One argument is that if central banks would only commit to higher inflation, then monetary policy would be more effective in boosting demand. Proponents fall into various camps: nominal GDP targeters, those who favour a price-level target, or those who want to raise existing inflation targets.

According to Larry Hatheway of UBS, all work on the assumption that a higher target will influence expectations and stoke “genuine” inflation, ie, broad increases in prices and wages. This in turn will lower real interest rates and boost demand.

Would it matter if central bankers stated a policy goal of (much) higher inflation?

For those not accustomed to the at-times arcane world of academic macroeconomics, the question isn’t as silly as it might sound. The powerful critique of ‘Keynesian fine-tuning’ in the 1960s and 1970s was centred on the role of inflation expectations. If workers, businesses and bondholders expect higher inflation, their rational response would not only ensure that prices, wages and yields would quickly rise, but that any benefits of higher inflation (eg, lower unemployment) would be ephemeral.

Some proponents take a more nuanced view than Mr Hatheway suggests, among them his colleague George Magnus, who advocates targeting nominal GDP only if this framework was coupled with fiscal measures.

However, Mr Hatheway is right to argue that targeting higher inflation would, at present, have little impact on demand:

If output gaps remain wide and borrowers are unwilling borrow, does a statement of intent matter?

The answer, we suspect, is that statements of intent won’t matter because they are inherently non-credible.
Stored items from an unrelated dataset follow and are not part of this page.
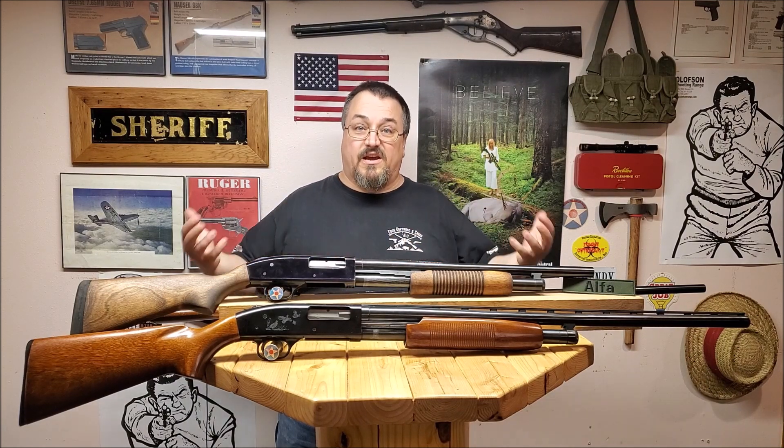So that's the Mossberg 500 and the five reasons why I think it's the top budget home defense and prepping gun out there. This is the 45 Alpha Charlie Papa channel — thanks for watching.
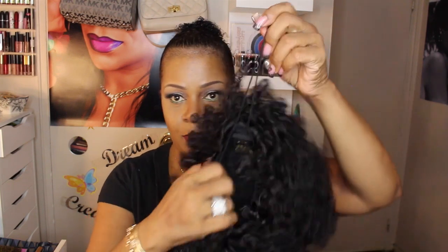Here is the faux fro that I'm going to use — I'll put all the information down in the description area. I think I got it from ebonyline.com or something like that, but I'll definitely put all the information there. It does have a drawstring and two combs.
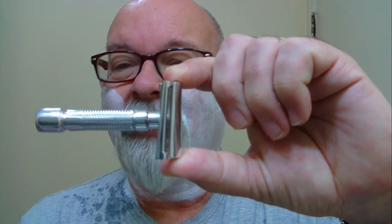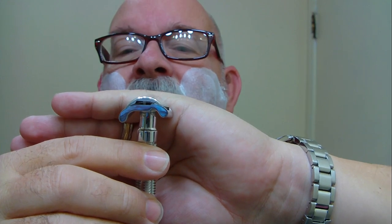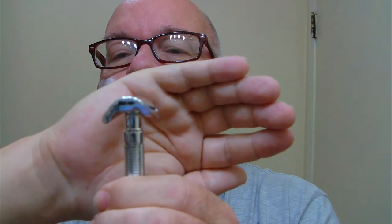Here's our shaver of the day — the Fine Accoutrements slant. This is made out of aircraft aluminum, nice and polished up. There's just a slight overhang on the razor. You can kind of see what's in there — it's a bit unique. As it goes for the shape, it's kind of typical, but the cap and the base plate — especially the base plate — it's got a different shape on the inside. It's got a little bit of a notch on each side, each end. There's the blade exposure, and that's what it looks like on the end. Pretty cool.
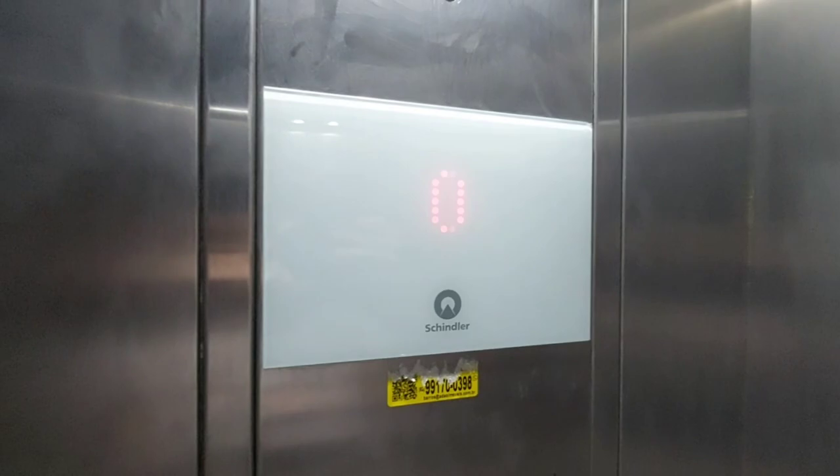Yeah, but even the mod, it's not doing too great. Let's go down to minus one.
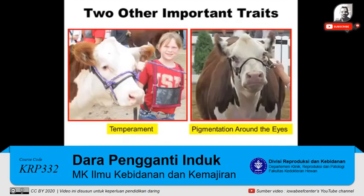Two other important traits: look at the heifer on the left. You'd like to have heifers built with a good temperament — those that are quiet, docile, and easy to work with. You'd also like to look at a heifer that, if you're looking at one that has a white face, has pigmentation around the eyes.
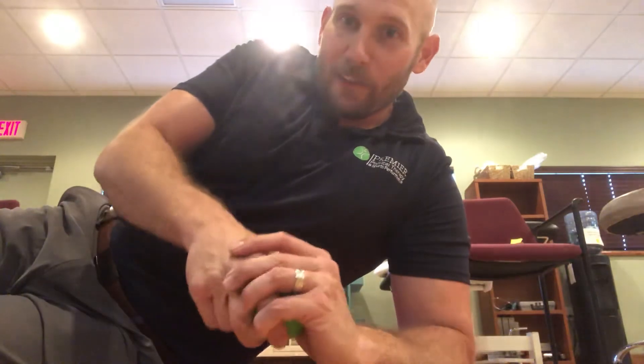Standard disclaimer: this may not be for you. If you have more pain or more discomfort with this, stop. At that point, it may be time to call someone like us. Good luck!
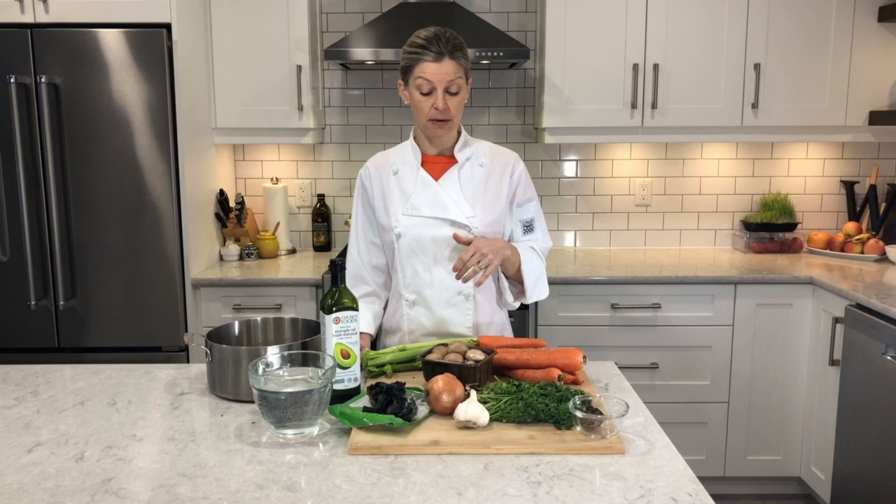Other things that I'm going to put into my vegetable broth include parsley, which is an excellent antioxidant and anti-inflammatory. It's also very high in nutrients, so we want to build as much nutritional value in our broth as we're able to.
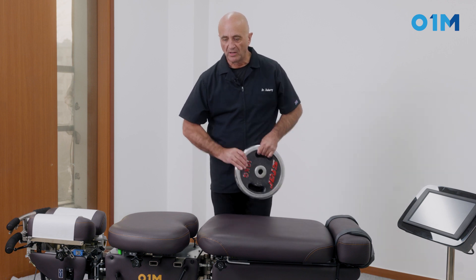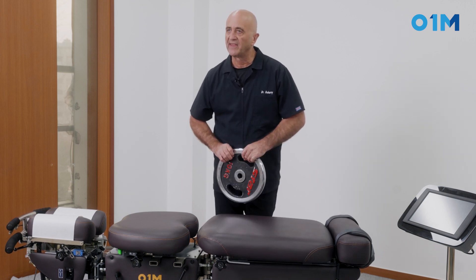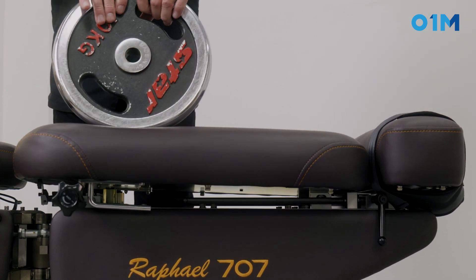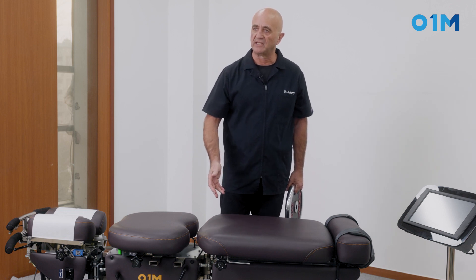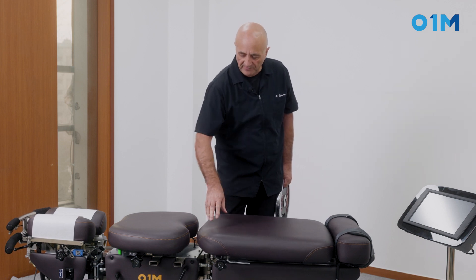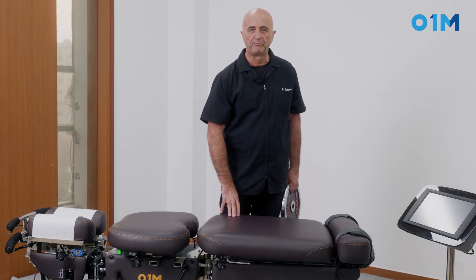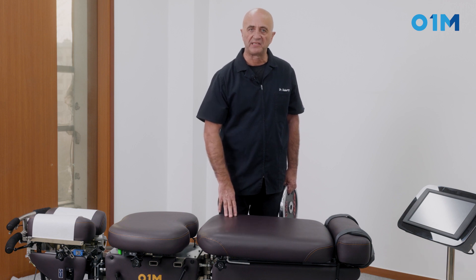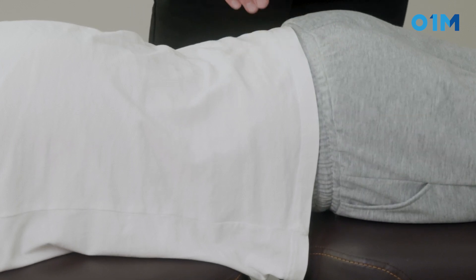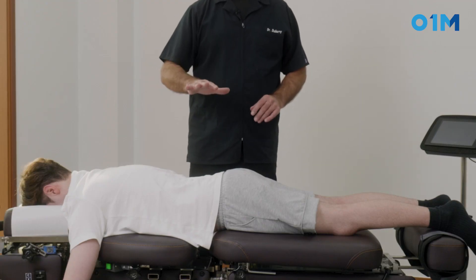To test whether the drop is identical in its tension on the right side, left side, and middle, we use a weight and drop it at different locations. The drop kicks fine here, fine here, fine here, fine here — establishing the sensitivity of the drop across the surface. With this mechanism, you can press any place on the cephalid part of the pelvic piece and get the same intensity of drop.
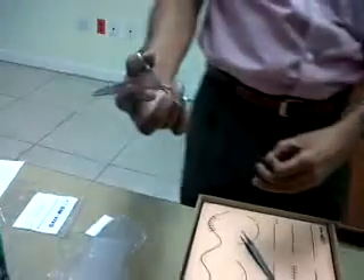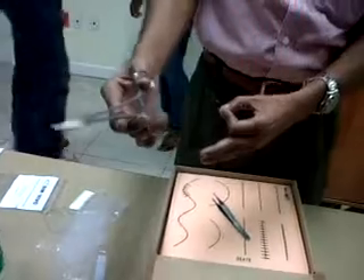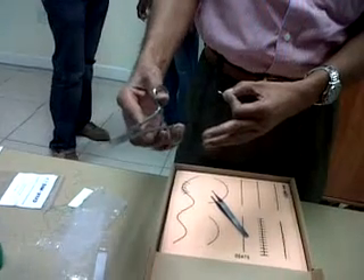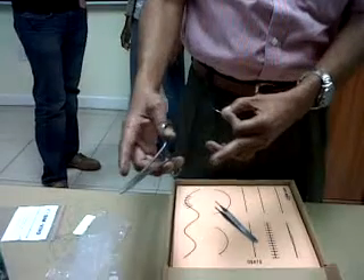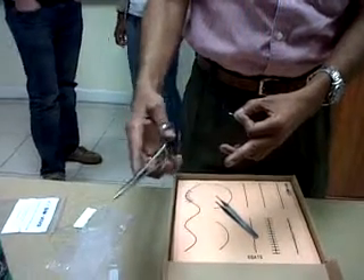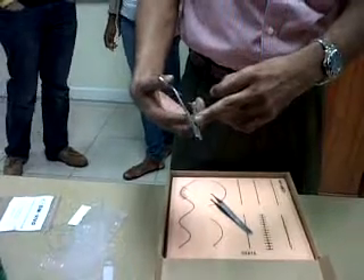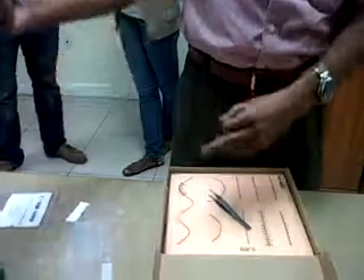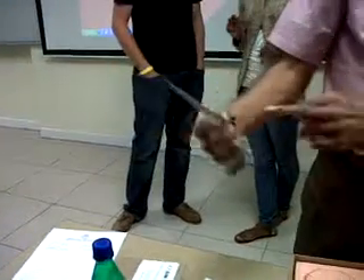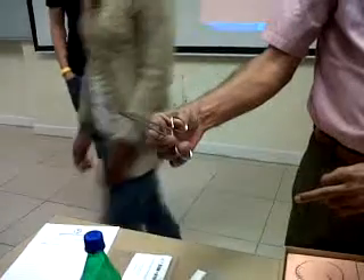The technique of holding these instruments: the ring finger goes into the lower ring, the middle finger rests on the outside. This is the joint and this is the fulcrum. Most instruments have three clicks of the ratchet — one, two, three.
And that’s not because agents doubt that central bankers will stick to their word to create inflation.

Rather it is because a key assumption of the inflation expectations hypothesis— namely that monetary policy can lift activity via increased credit creation—is not valid in economies where falling (or depressed) asset prices disrupt the transmission of lower interest rates and excess money supply to increased borrowing and spending.

In a world of fiat money it is, of course, not beyond the power of central bankers to create inflation. If the Fed chairman lived up to his Helicopter Ben moniker and started chucking dollars from the sky, it is hard to imagine inflation expectations would remain anchored. But most would say this falls outside the ambit of what could be termed “responsible” monetary policy.

If central banks were to try to boost demand by pumping more cash into the system through what has now become the conventional route – more asset purchases – it’s difficult to imagine that this would have the desired impact, regardless of whether or not they targeted higher inflation. As the $1.6 trillion in excess reserves on the Federal Reserve’s balance sheet suggest, a rise in cash is being offset by a fall in the velocity of circulation. There is not the usual knock-on effect on the price level, or demand, from looser monetary policy because the relationship between cash and credit growth has broken down.

Given the need to de-leverage, credit growth is set to remain weak for a while yet. It is difficult to see how expectations of higher inflation would override this.

So long as credit creation remains impaired, central banks will struggle to generate the escape velocity that’s needed to shake off the current malaise. That’s not to say that monetary policy should not remain supportive. But abandoning existing policy frameworks in favour of ones that would allow for a higher level of inflation will have less benefit than proponents might think.